Data supplied: Begin
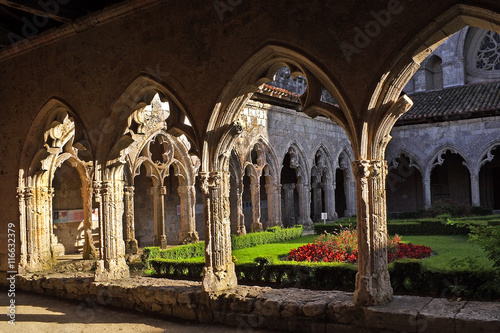 La Romieu is a little village of Gers in Gascony. The collegiate church includes a cloister and two towers. UNESCO - the Pilgrim's Road to Santiago de Compostela, France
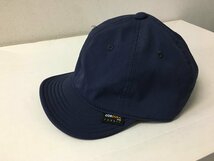 ◆Mr.COVER MrCOVER ミスターカバー 美品 キャップ 帽子 メンズ コーデュラ CORDURA ナイロン 短ツバ ナイロン キャップ ネイビー_画像2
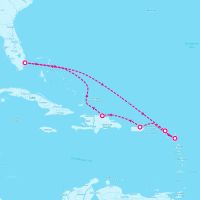 Celebrity Eclipse January 31, 2026 itinerary map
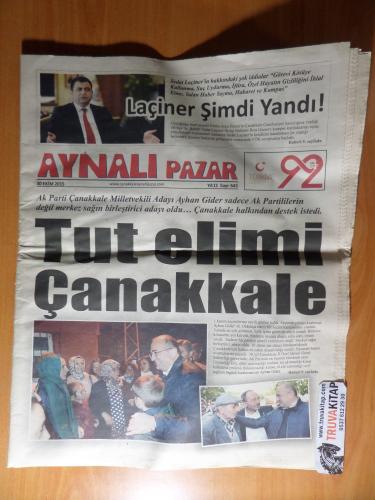 Aynalı Pazar 30 Ekim 2015 / Sayı: 643 - Tut Elimi Çanakkale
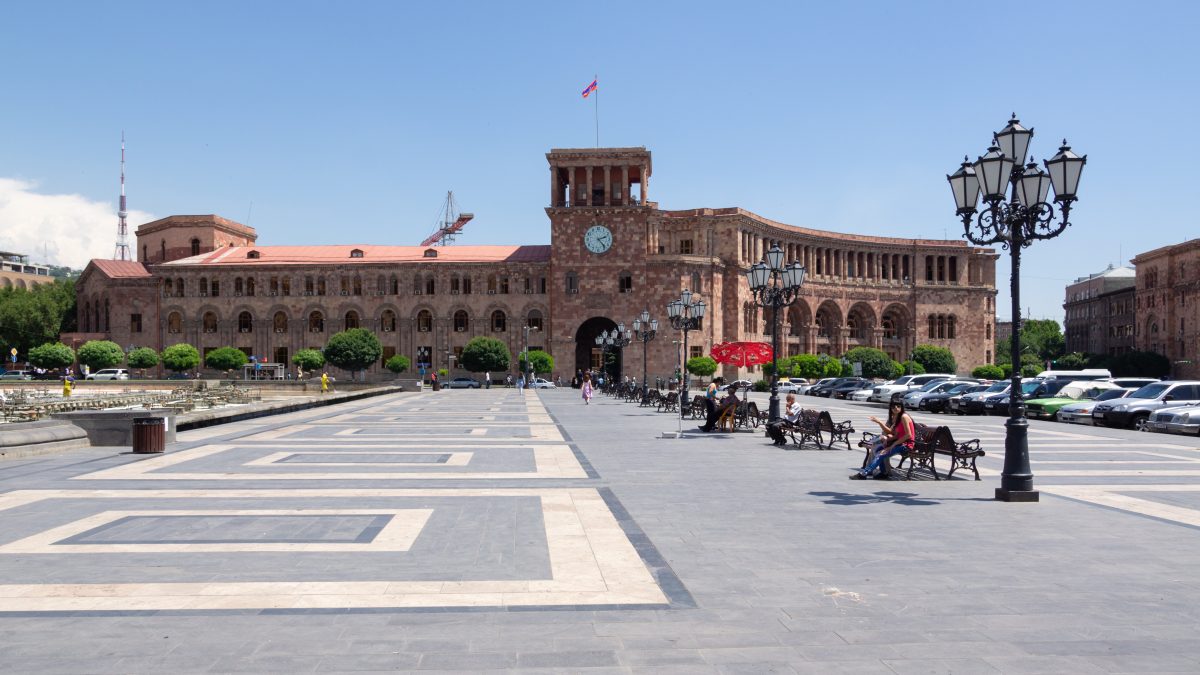 Yerevan Government House on Republic Square, Armenia
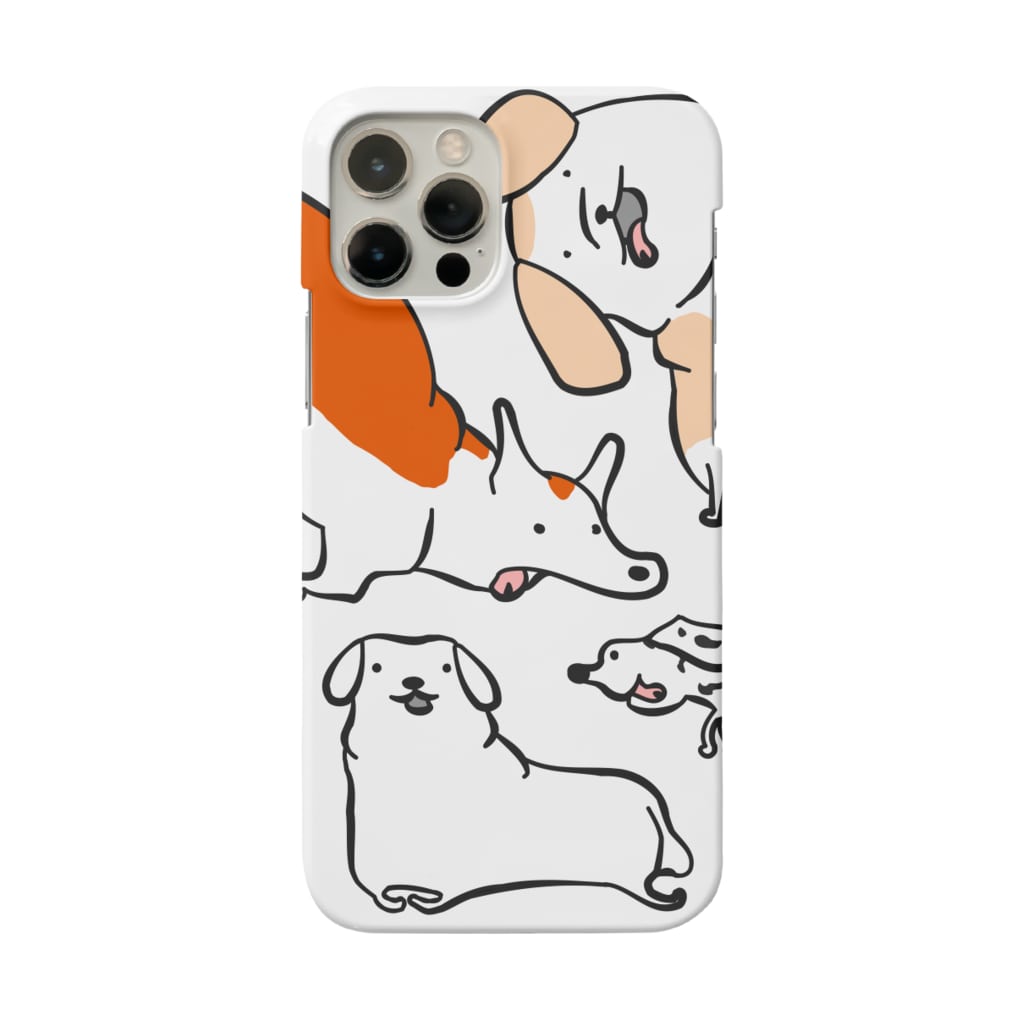 ゆるいイラストのアイテム - イラストレーターハセガワのいろんな犬のゆるいイラスト Smartphone Case
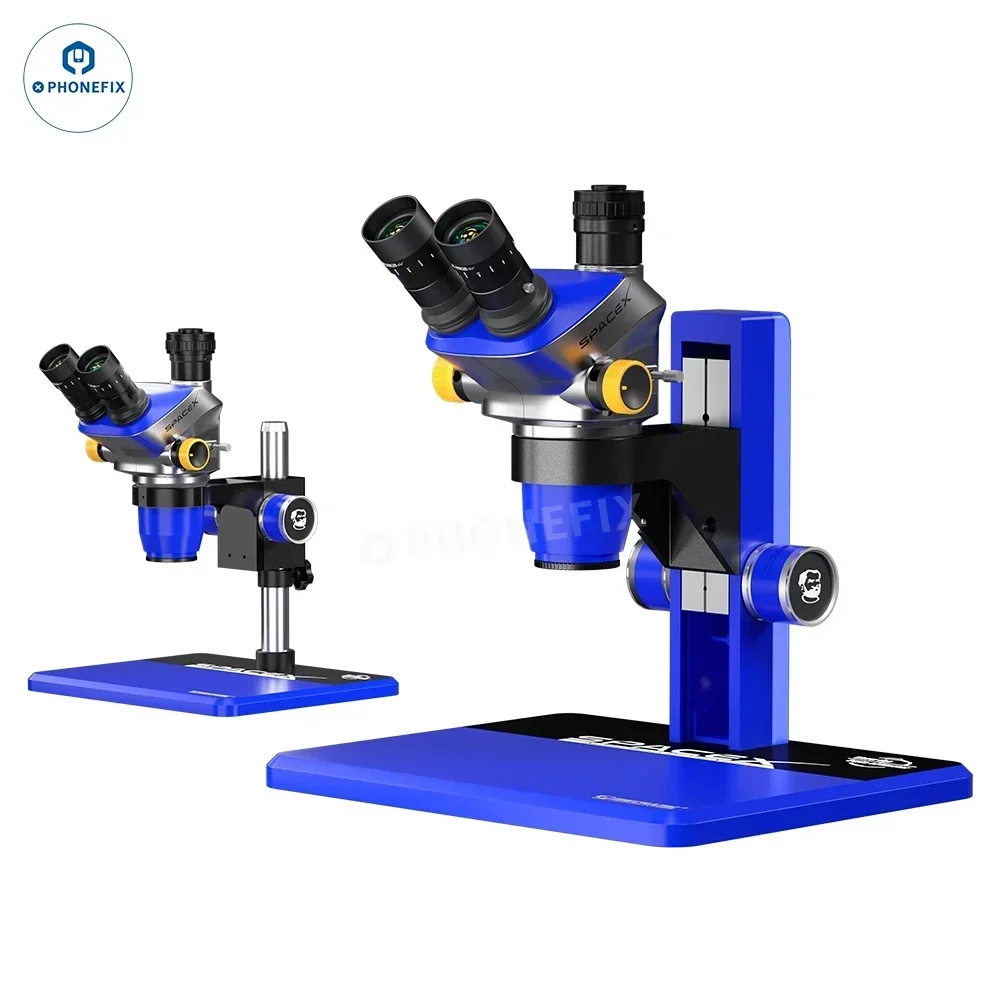 Mechanic Space X-B11/ Space X-TSD LAB PCB Soldering Trinocular Stereo Zoom Microscope Continuous Variable Magnification 6.5X-52X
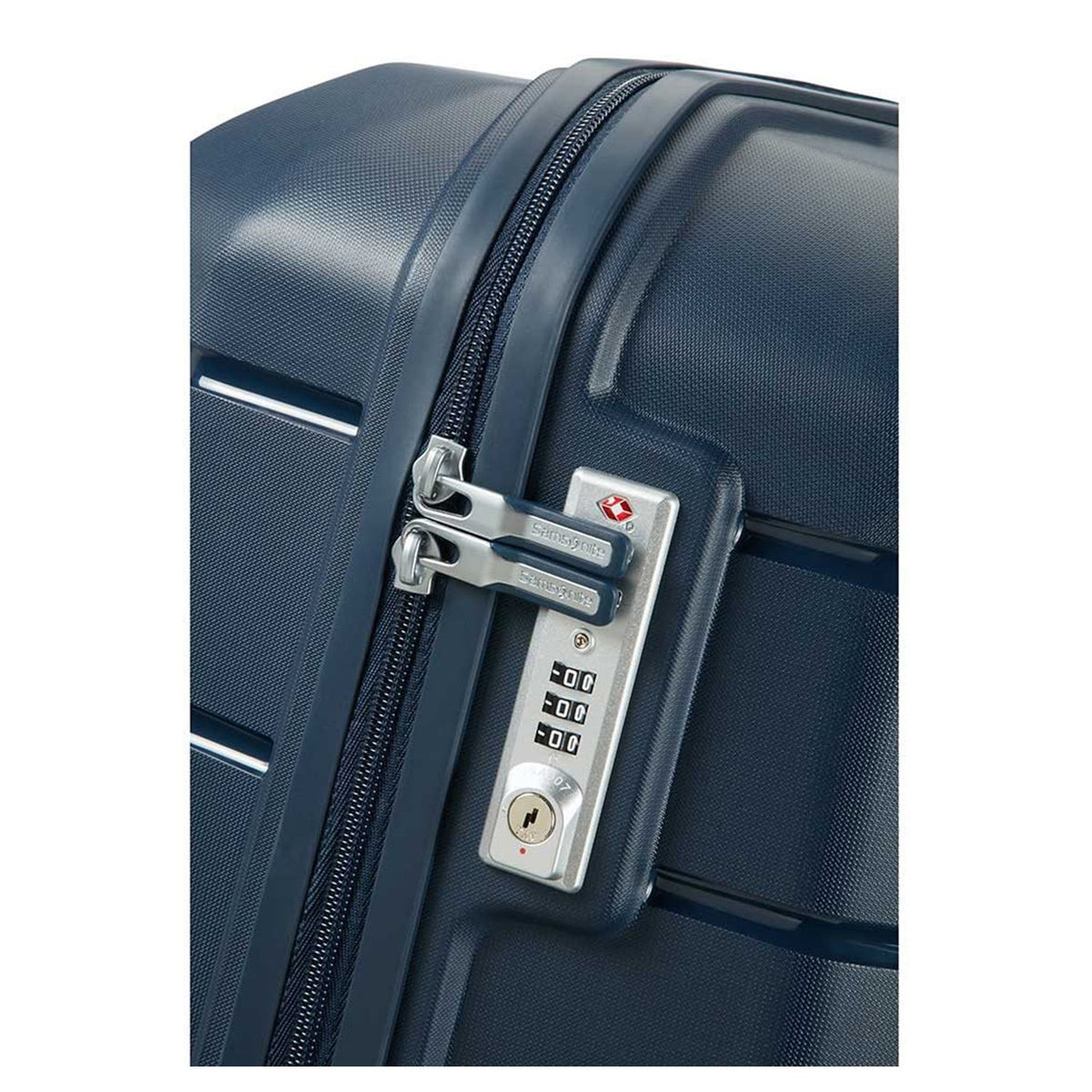 Samsonite Flux Spinner 68 cm - Uitbreidbaar 75/85 liter - 68x47x30/33 cm - navy blue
Data supplied: End
▶ _What to work on_
Please retype the lines from the one containing "ナイロン キャップ ネイビー_画像2" through the last line of the records above, exactly as written, and leave out any pictures.

▶ _Exercise output_
 ◆Mr.COVER MrCOVER ミスターカバー 美品 キャップ 帽子 メンズ コーデュラ CORDURA ナイロン 短ツバ ナイロン キャップ ネイビー_画像2
 Celebrity Eclipse January 31, 2026 itinerary map
 Aynalı Pazar 30 Ekim 2015 / Sayı: 643 - Tut Elimi Çanakkale
 Yerevan Government House on Republic Square, Armenia
 ゆるいイラストのアイテム - イラストレーターハセガワのいろんな犬のゆるいイラスト Smartphone Case
 Mechanic Space X-B11/ Space X-TSD LAB PCB Soldering Trinocular Stereo Zoom Microscope Continuous Variable Magnification 6.5X-52X
 Samsonite Flux Spinner 68 cm - Uitbreidbaar 75/85 liter - 68x47x30/33 cm - navy blue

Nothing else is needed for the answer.